Carrasco se rinde a la figura de Antoine Griezmann: “El mejor con el que he jugado en el Atleti”
Desde la distancia que impone el fútbol saudí, Carrasco mantiene un vínculo casi umbilical con el conjunto rojiblanco. No es para menos: son casi 300 batallas las que ha librado con esa camiseta. Durante su intervención en ‘El Club de Uría’, el belga admitió que sigue cada paso de la entidad, especialmente ahora que se avecinan curvas en la Champions League frente al Barcelona.
Para Yannick, jugar contra los culés siempre fue un escenario ideal; su velocidad encontraba los espacios necesarios en un estilo de juego abierto que potenciaba sus virtudes. Confía ciegamente en que el Cholo sabrá tejer la red necesaria para que el elenco rojiblanco saque un resultado positivo en la Ciudad Condal, apoyado en ese respeto casi reverencial que, según él, todos los grandes de Europa le tienen al Atleti.
La verdad de Milán y el roce con Juanfran
Uno de los puntos más álgidos de la charla fue el recuerdo de la final de Milán. Aquella tanda de penaltis sigue siendo una cicatriz abierta para la afición. Carrasco reveló un detalle técnico que cambió el rumbo de aquel momento: una dura entrada de Pepe o Ramos le dobló el tobillo, dejándole la articulación hinchada y sin estabilidad para el golpeo.
Ante la pregunta de Simeone, el belga fue honesto sobre su estado físico, lo que derivó en que Juanfran asumiera la responsabilidad. El conflicto surgió años después, cuando el lateral sugirió que debió ser Carrasco quien lanzara. Yannick no se mordió la lengua: "Llamé a Juanfran para decirle que no podía decir esas cosas para limpiar su imagen; cuando marcó contra el PSV nadie dijo nada".
Una conexión especial con el Cholo
A pesar de las idas y venidas en el mercado de fichajes, su relación con el técnico argentino alcanzó la madurez tras su regreso de China. Carrasco destaca que el compromiso mutuo fue la clave para que el esquema de Simeone encontrara en él a un carrilero total. Ese esfuerzo colectivo cristalizó en la "Liga del coronavirus", su momento más feliz como colchonero.

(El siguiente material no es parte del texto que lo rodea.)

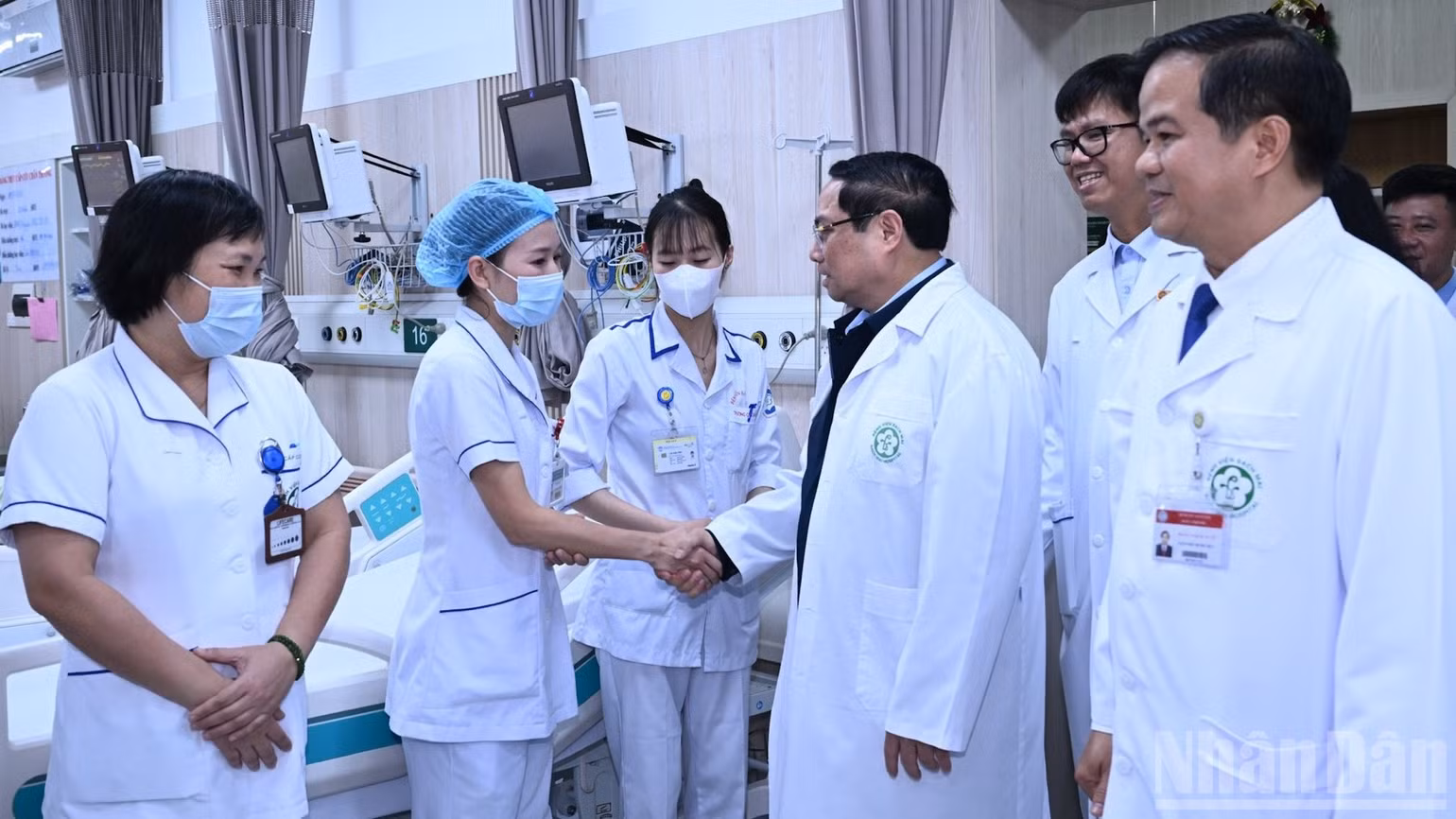 Thủ tướng Chính phủ Phạm Minh Chính thăm, động viên, chúc Tết y, bác sĩ Trung tâm Cấp cứu A9, Bệnh viện Bạch Mai. (Ảnh: Trần Hải)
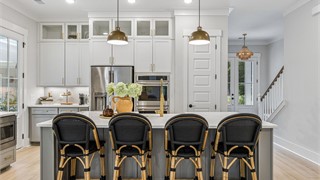 70 Clifton Drive thumbnail image 21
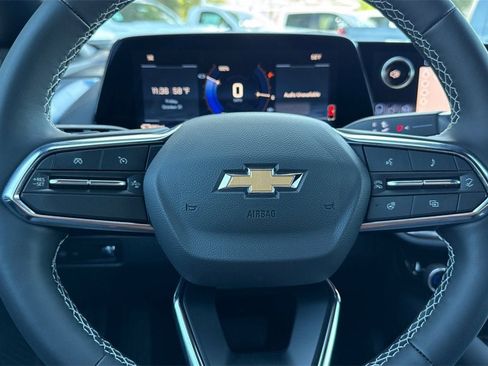 New 2026 Chevrolet Equinox EV LT w/ LPO, Blackout Package image 23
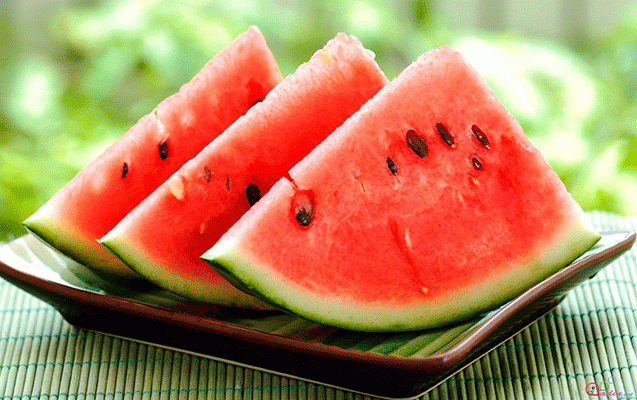 qarpiz-yeyerken-ehtiyatli-olun-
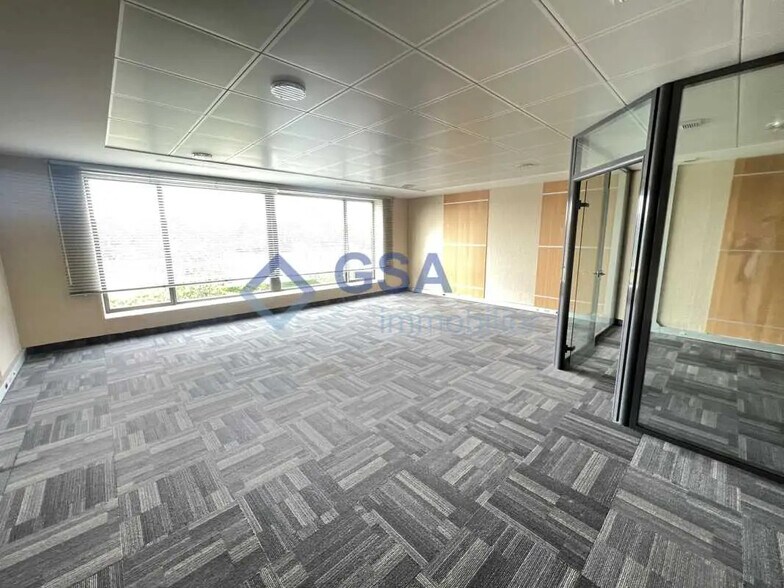 Bureau dans Lieusaint à louer - Photo de l’immeuble – Image 1 sur 6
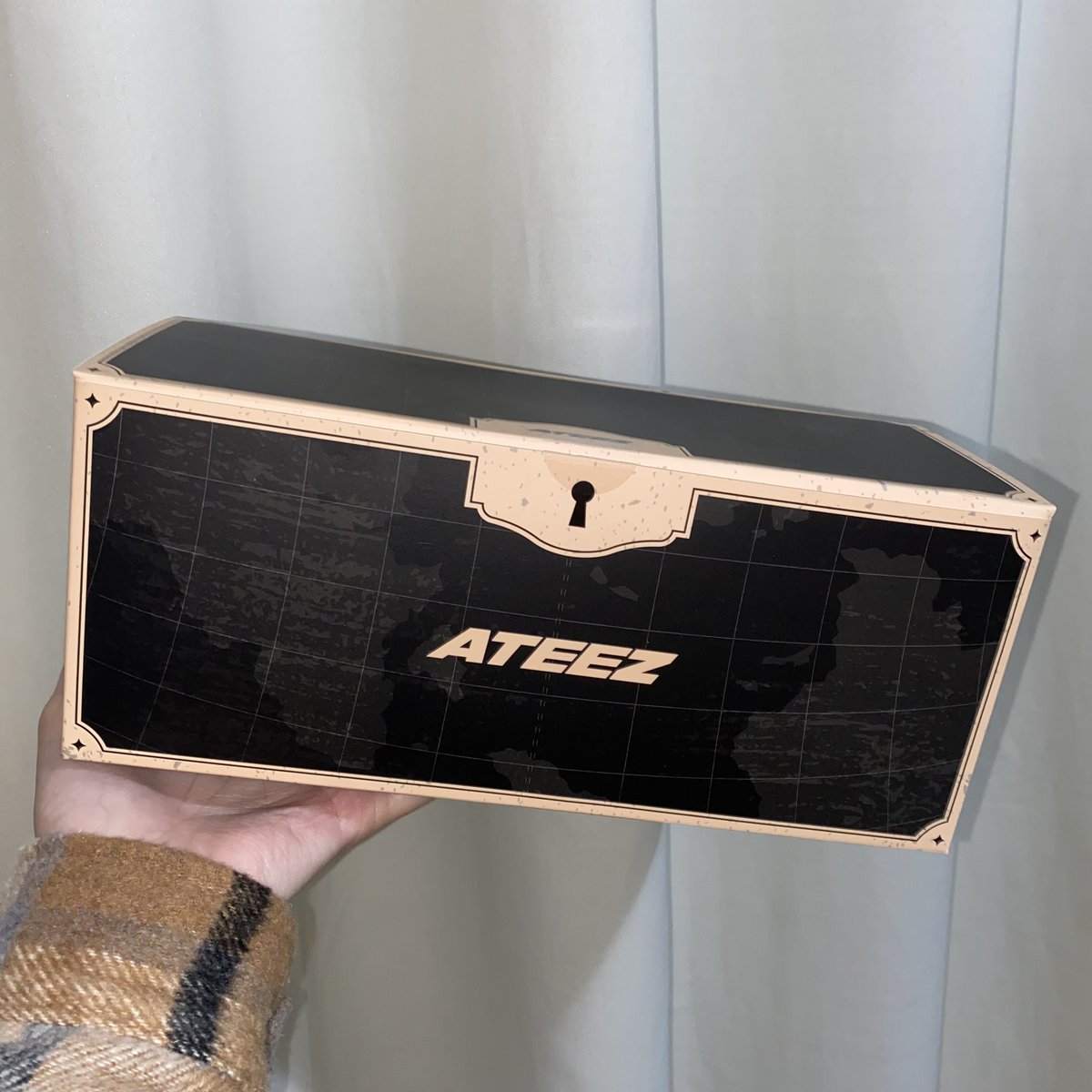 hyepoetic's tweet photo. Feedback muito mais que positivo pra @ehrisstore que me trouxe a lightiny pro show!
Chegou no prazo informado além de toda comunicação durante a compra e envio super atenciosa. A caixa chegou bem protegida e em perfeito estado! Muito obrigado por todo o carinho e qualidade 💜 https://t.co/rPSOwkGv8L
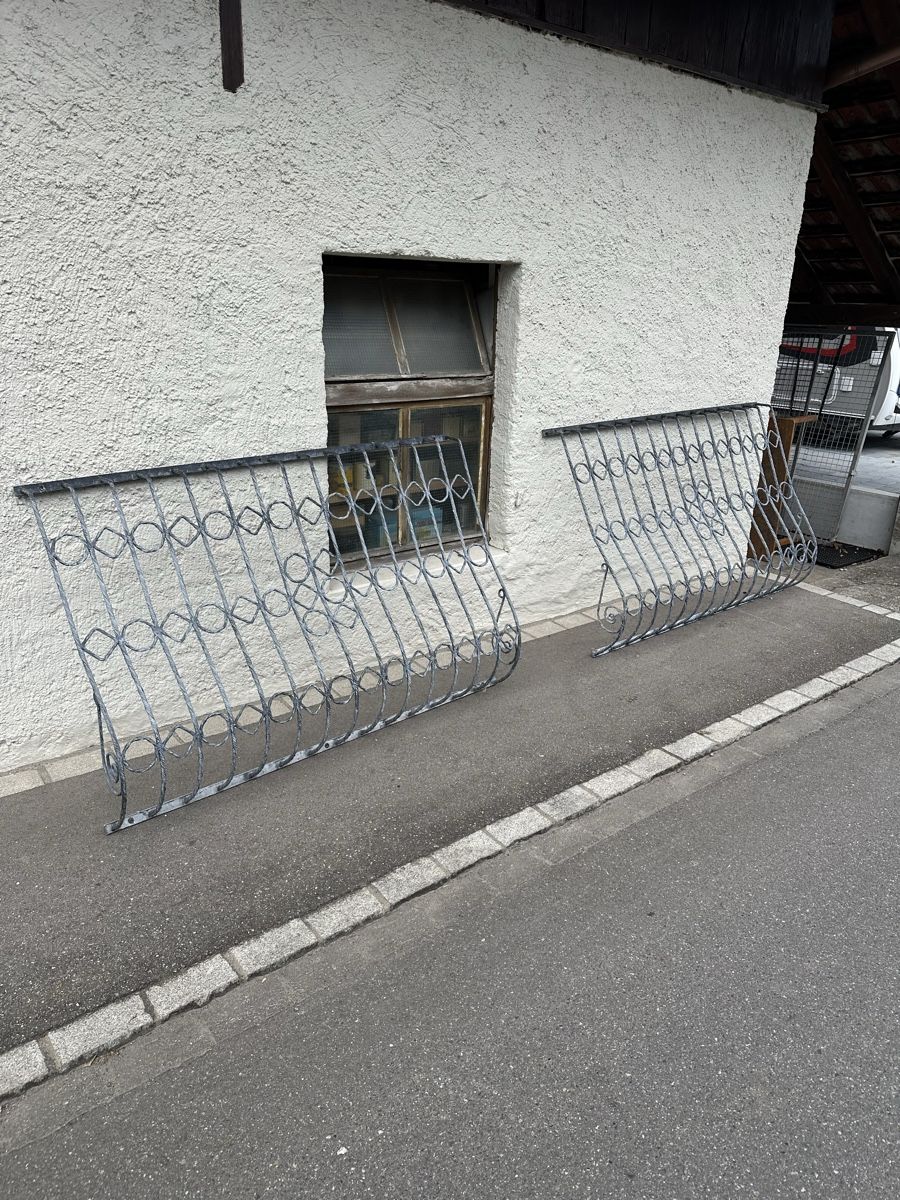 Gitter & Roste: Fenstergitter Einbruchgitter Schmiedeeisen – Gebraucht aus Villmergen von Bezdupe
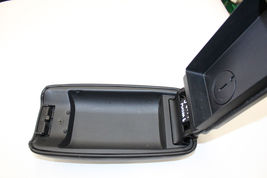 2006-2007 MAZDA MAZDASPEED 6 CENTER CONSOLE ARM REST STORAGE COMPARMENT J6014 image 9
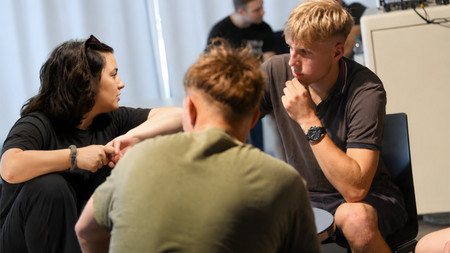 junge Menschen sitzen zusammen und reden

Recordó con humor la anécdota del coche Panda que pidió a un vecino para llegar al entrenamiento durante la tormenta Filomena, un gesto que ejemplifica la unión de aquel vestuario que acabó saltándose los controles policiales para abrazar a su gente tras el título.
El trono de Griezmann
Al hablar de talento puro, Carrasco no tiene dudas. Aunque guarda un respeto inmenso por figuras como Filipe Luis o Eden Hazard, sitúa a Antoine Griezmann en un pedestal aparte dentro del cuadro colchonero. "Es el mejor con el que he jugado en el Atleti, seguro", sentenció.
Para el belga, los récords históricos del francés no son casualidad, sino el reflejo de un jugador que entiende el juego mejor que nadie. Mientras sueña con jugar su tercer Mundial con Bélgica, Carrasco se despide con un mensaje que cala hondo en la parroquia del Metropolitano: adora este club y, pase lo que pase en el desierto, siempre será uno de los pupilos de Simeone en el corazón.